● Problem
Take every record and write it out again exactly, with no images included.
[Opening Exercise inputs section]
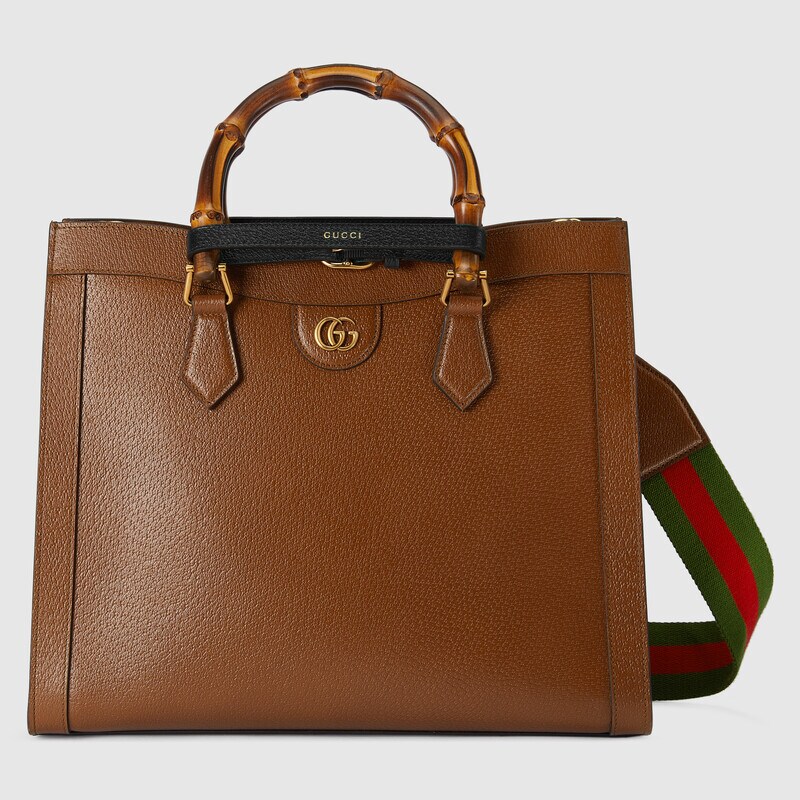 SKU02468-1900.jpg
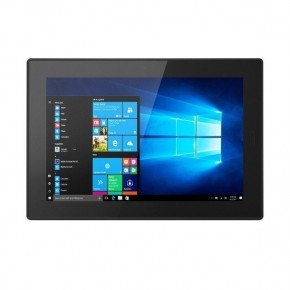  Lenovo Tablet 10 LTE Black (20L3000LRT)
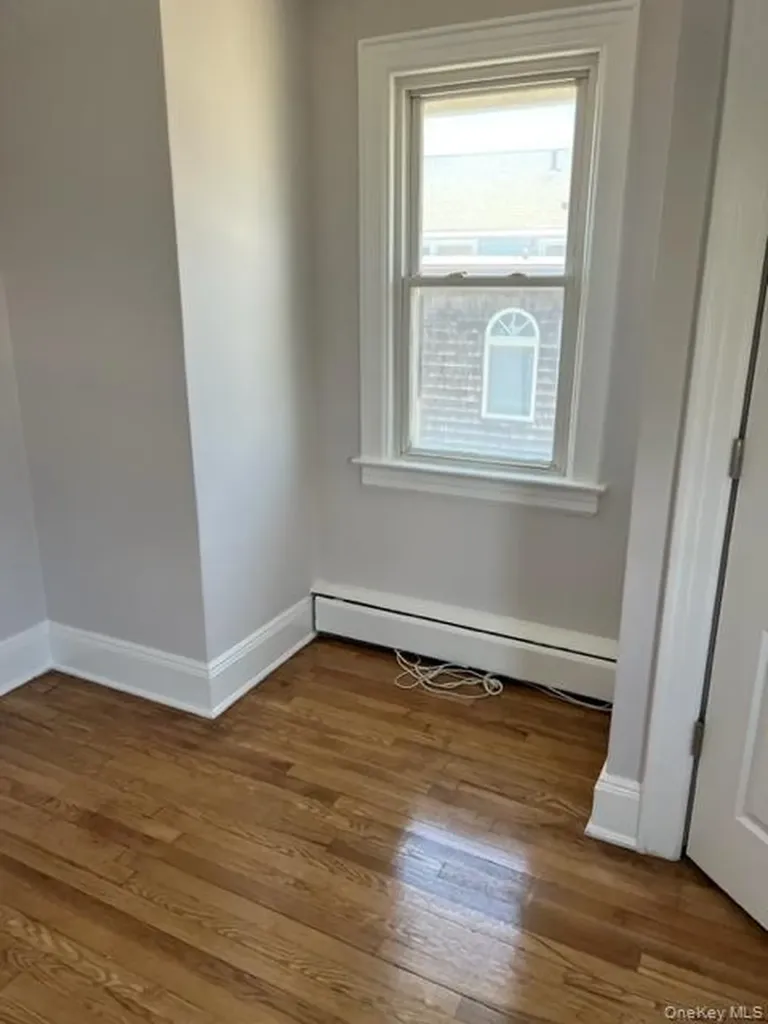 833 Oceanfront Long Beach NY 11561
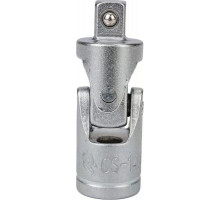Кардан STANKO CS-14.49 шарнирный 1/4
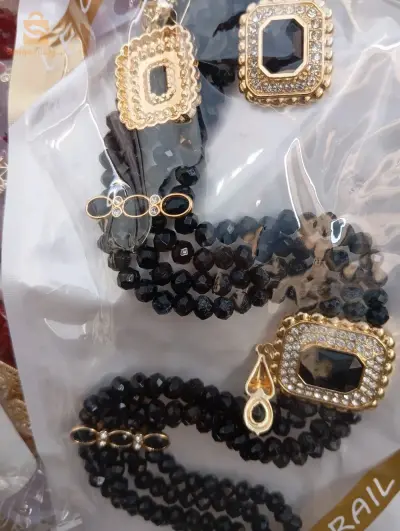 رادكو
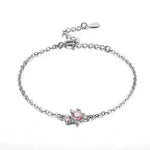 4pcs Women Jewelry Sets - EX-STOCK CANADA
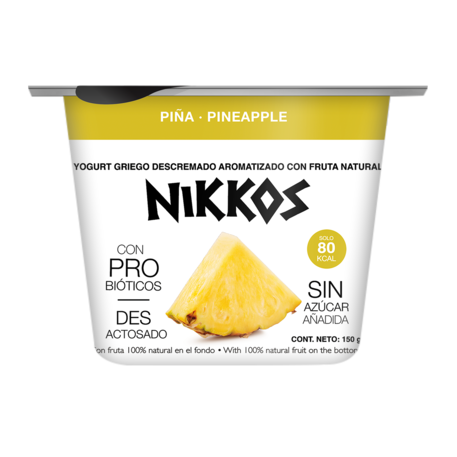 Yogurt-Nikkos-piña 457x457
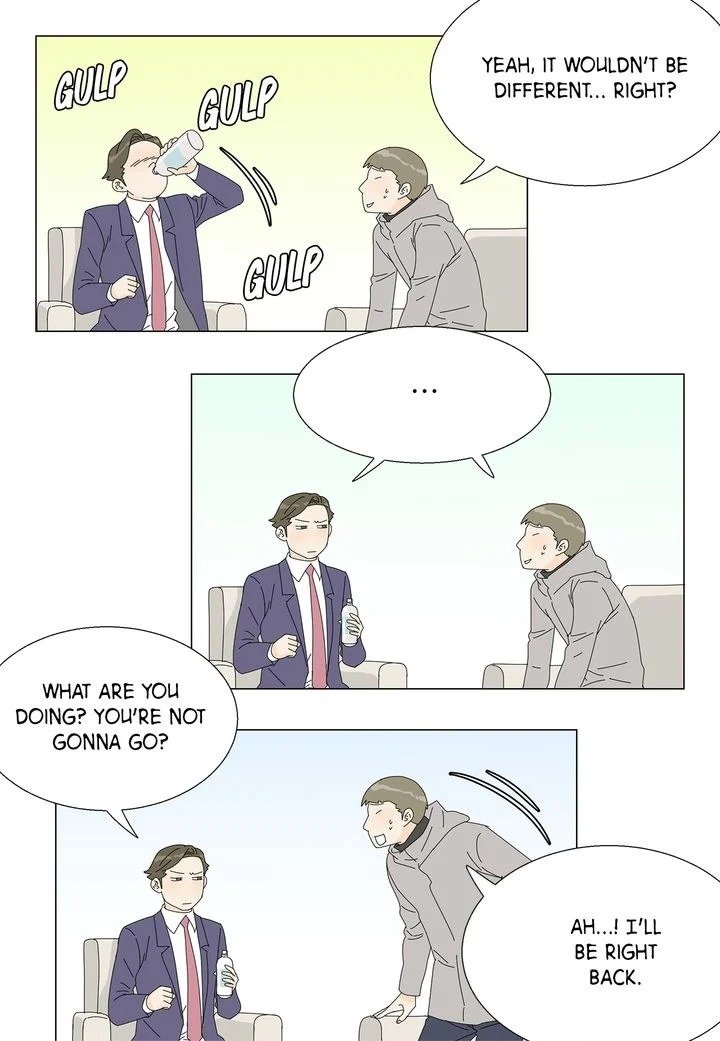 Page 6 of Chapter 49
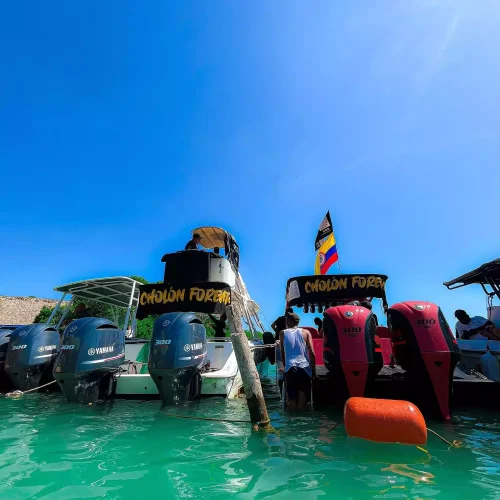 Cholon Forever (18)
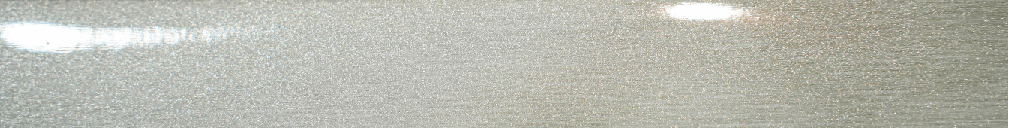 Edgeband Match【ALVIC】GRIS METALLIC HIGH GLOSSY - CT50022M - CT Edge Band Supply, IncCT50022M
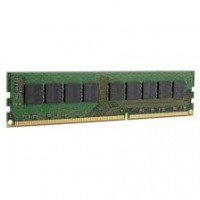 Hp 4GB 2RX8 PC3-12800E-11 Kit (669322-B21)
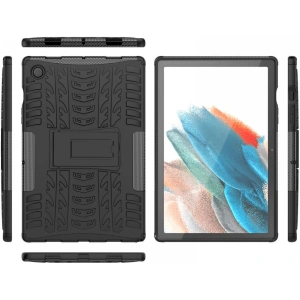 Kup Etui Tech-Protect Armorlok Samsung Galaxy Tab A8 10.5 Negru - THP821BLK - {ean13} - Sklep Home Screen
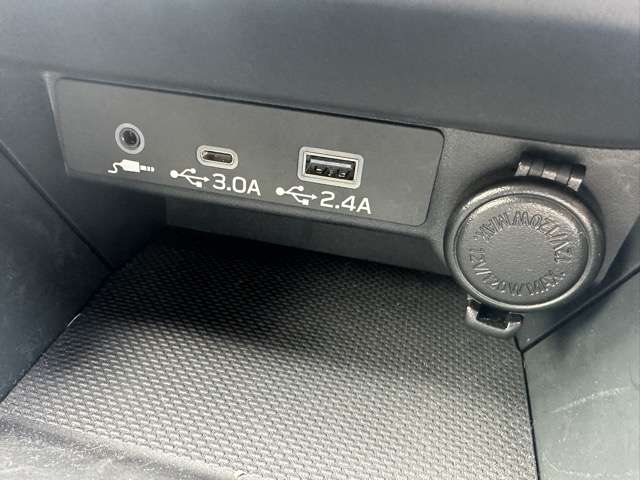 スバル レヴォーグ　レイバック １．８ リミテッド ＥＸ ４ＷＤ R5年 (東海) 99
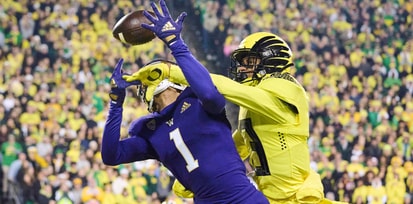 oregon-safety-bryan-addison-taking-time-away-from-team-for-personal-reasons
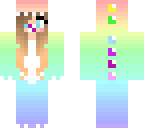 baby gem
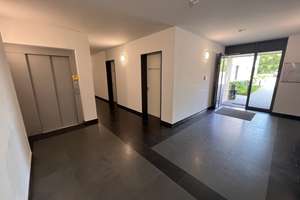 Property thumbnail 35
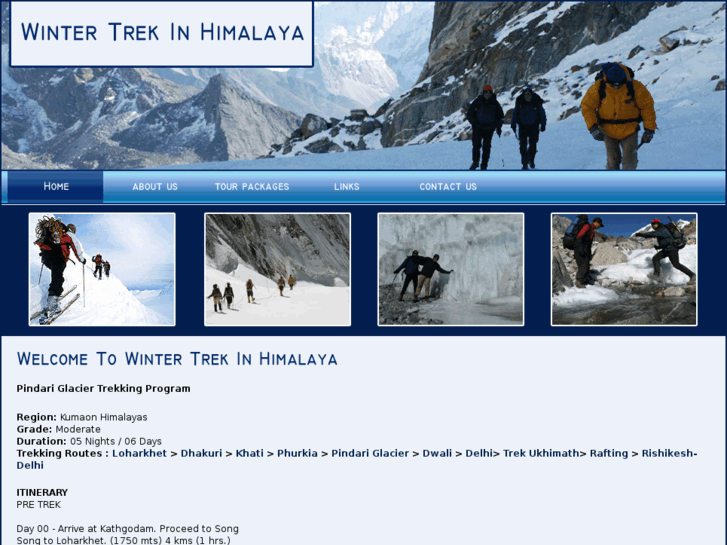 www.wintertrekshimalaya.com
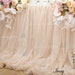 see more listings in the Table Skirts section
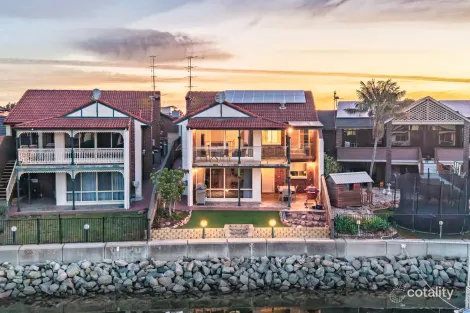 2/30 Lake View Ave, Port Lincoln, SA 5606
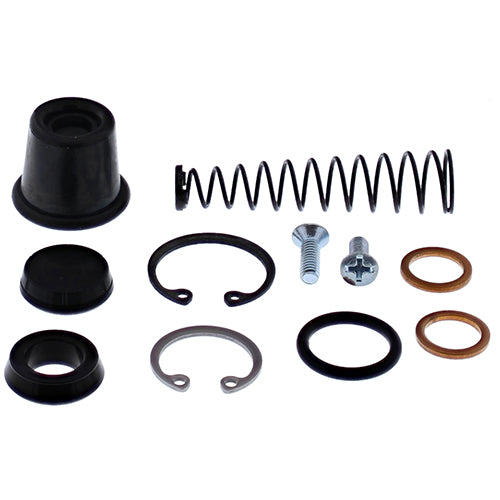Master Cylinder Rebuild Kit Rear - 18-1074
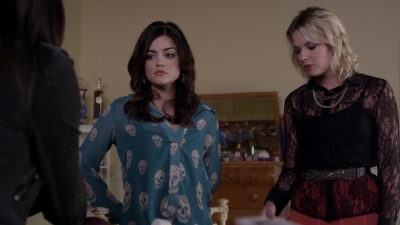 Pretty_Little_Liars_S03E21_BluRay_Rip_720p_Dual_Audio_WWW_TORRENTDOSFILMES_COM_2515.jpg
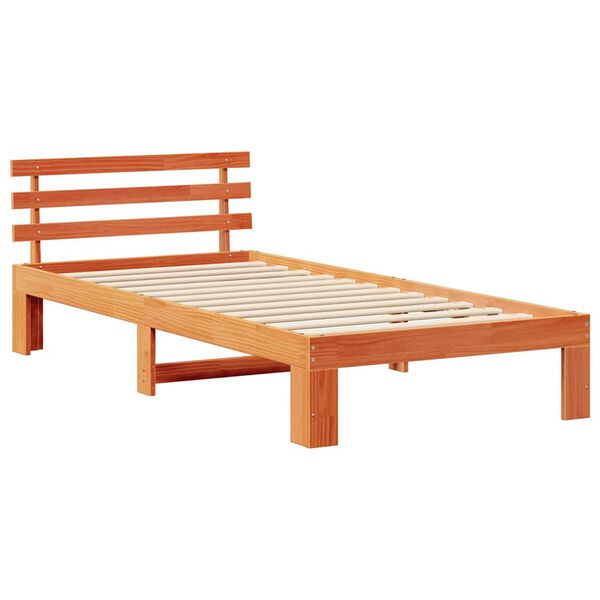 S&yacute;nir v&ouml;rumynd 4 af 10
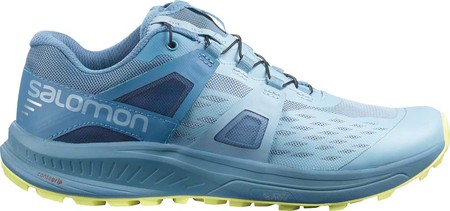 Женские кроссовки Salomon Ultra Pro Running Sneaker Ashley Blue/Copen Blue/Charlock 42
Женские кроссовки Salomon Ultra Pro Running Sneaker Ashley Blue/Copen Blue/Charlock 42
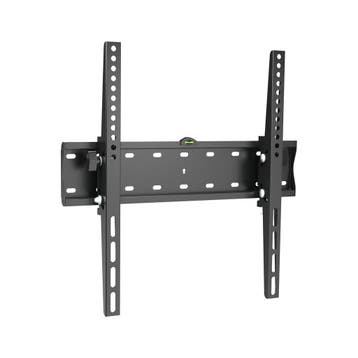 Cabletech Universele Televisie Muurbeugel Voor Led Lcd Tv, Ophalen of Verzenden, Nieuw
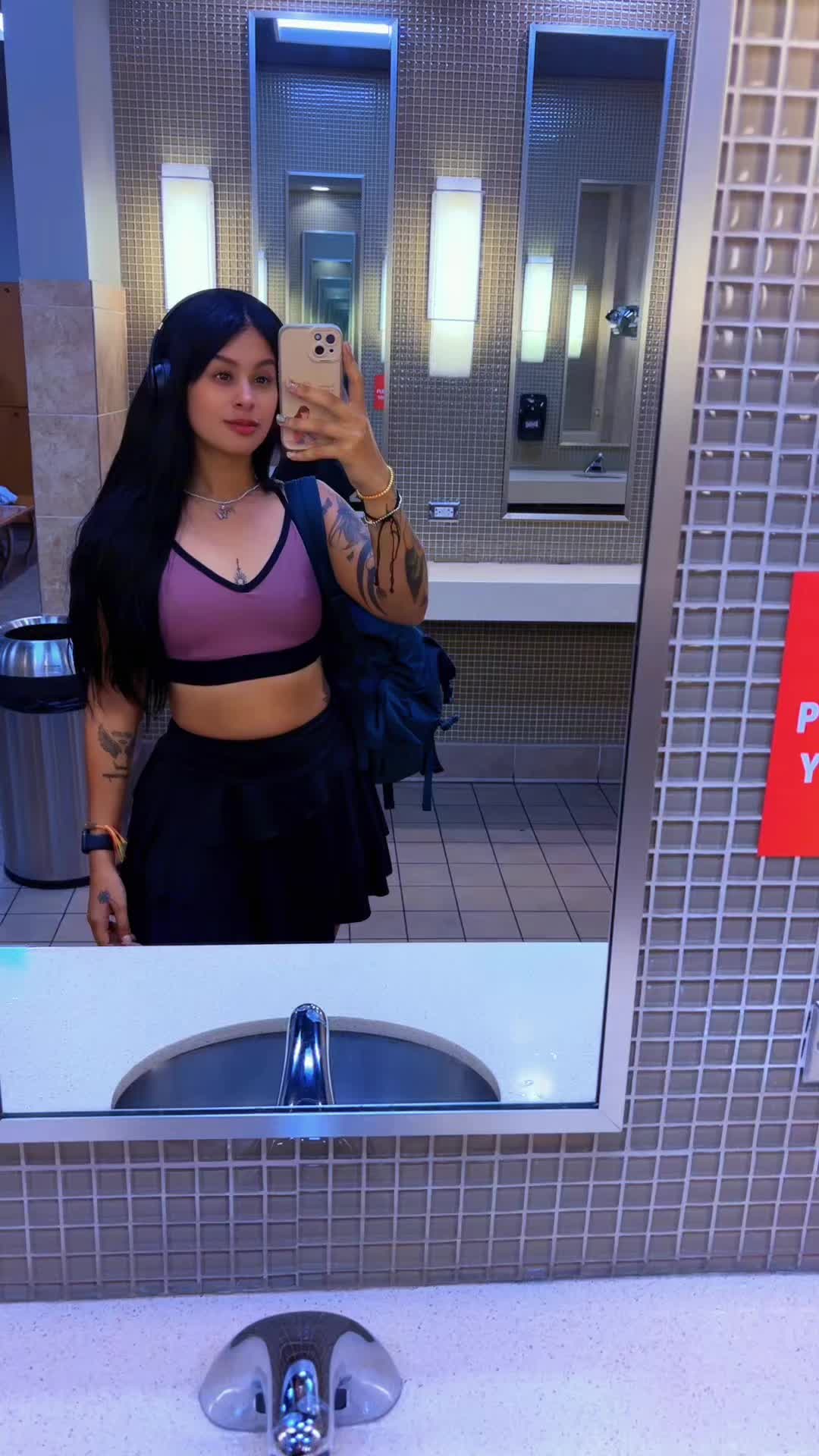 @Maria Correa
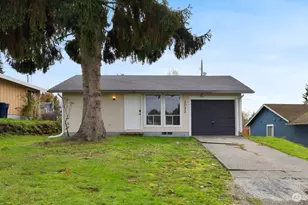 2022 E 36th St, Tacoma, WA 98404 - Photo 1
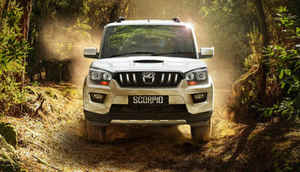 ভারতে পাওয়া যায় এমন কিছু গাড়ি যেগুলির দাম 10 লাখের কম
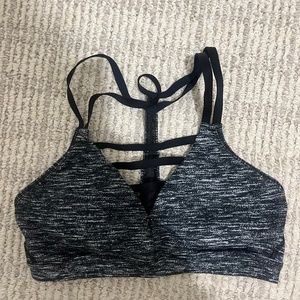 Victoria’s Secret Sport Bra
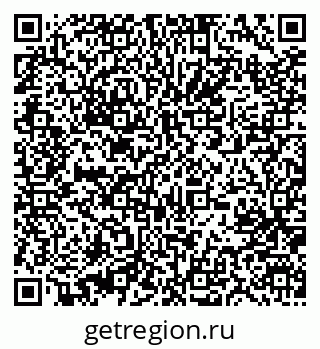 79631201134
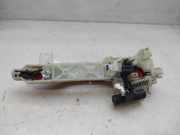 Türgriff Außen Links Vorne 2131175200 Hyundai Kona (OS) SUV 1.0 T-GDI 12V (G3LC)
[Closing Exercise inputs section]
● Final answer
 SKU02468-1900.jpg
  Lenovo Tablet 10 LTE Black (20L3000LRT)
 833 Oceanfront Long Beach NY 11561
Кардан STANKO CS-14.49 шарнирный 1/4
 رادكو
 4pcs Women Jewelry Sets - EX-STOCK CANADA
 Yogurt-Nikkos-piña 457x457
 Page 6 of Chapter 49
 Cholon Forever (18)
 Edgeband Match【ALVIC】GRIS METALLIC HIGH GLOSSY - CT50022M - CT Edge Band Supply, IncCT50022M
 Hp 4GB 2RX8 PC3-12800E-11 Kit (669322-B21)
 Kup Etui Tech-Protect Armorlok Samsung Galaxy Tab A8 10.5 Negru - THP821BLK - {ean13} - Sklep Home Screen
 スバル レヴォーグ　レイバック １．８ リミテッド ＥＸ ４ＷＤ R5年 (東海) 99
 oregon-safety-bryan-addison-taking-time-away-from-team-for-personal-reasons
 baby gem
 Property thumbnail 35
 www.wintertrekshimalaya.com
 see more listings in the Table Skirts section
 2/30 Lake View Ave, Port Lincoln, SA 5606
Master Cylinder Rebuild Kit Rear - 18-1074
 Pretty_Little_Liars_S03E21_BluRay_Rip_720p_Dual_Audio_WWW_TORRENTDOSFILMES_COM_2515.jpg
 S&yacute;nir v&ouml;rumynd 4 af 10
 Женские кроссовки Salomon Ultra Pro Running Sneaker Ashley Blue/Copen Blue/Charlock 42
Женские кроссовки Salomon Ultra Pro Running Sneaker Ashley Blue/Copen Blue/Charlock 42
 Cabletech Universele Televisie Muurbeugel Voor Led Lcd Tv, Ophalen of Verzenden, Nieuw
 @Maria Correa
 2022 E 36th St, Tacoma, WA 98404 - Photo 1
 ভারতে পাওয়া যায় এমন কিছু গাড়ি যেগুলির দাম 10 লাখের কম
 Victoria’s Secret Sport Bra
 79631201134
 Türgriff Außen Links Vorne 2131175200 Hyundai Kona (OS) SUV 1.0 T-GDI 12V (G3LC)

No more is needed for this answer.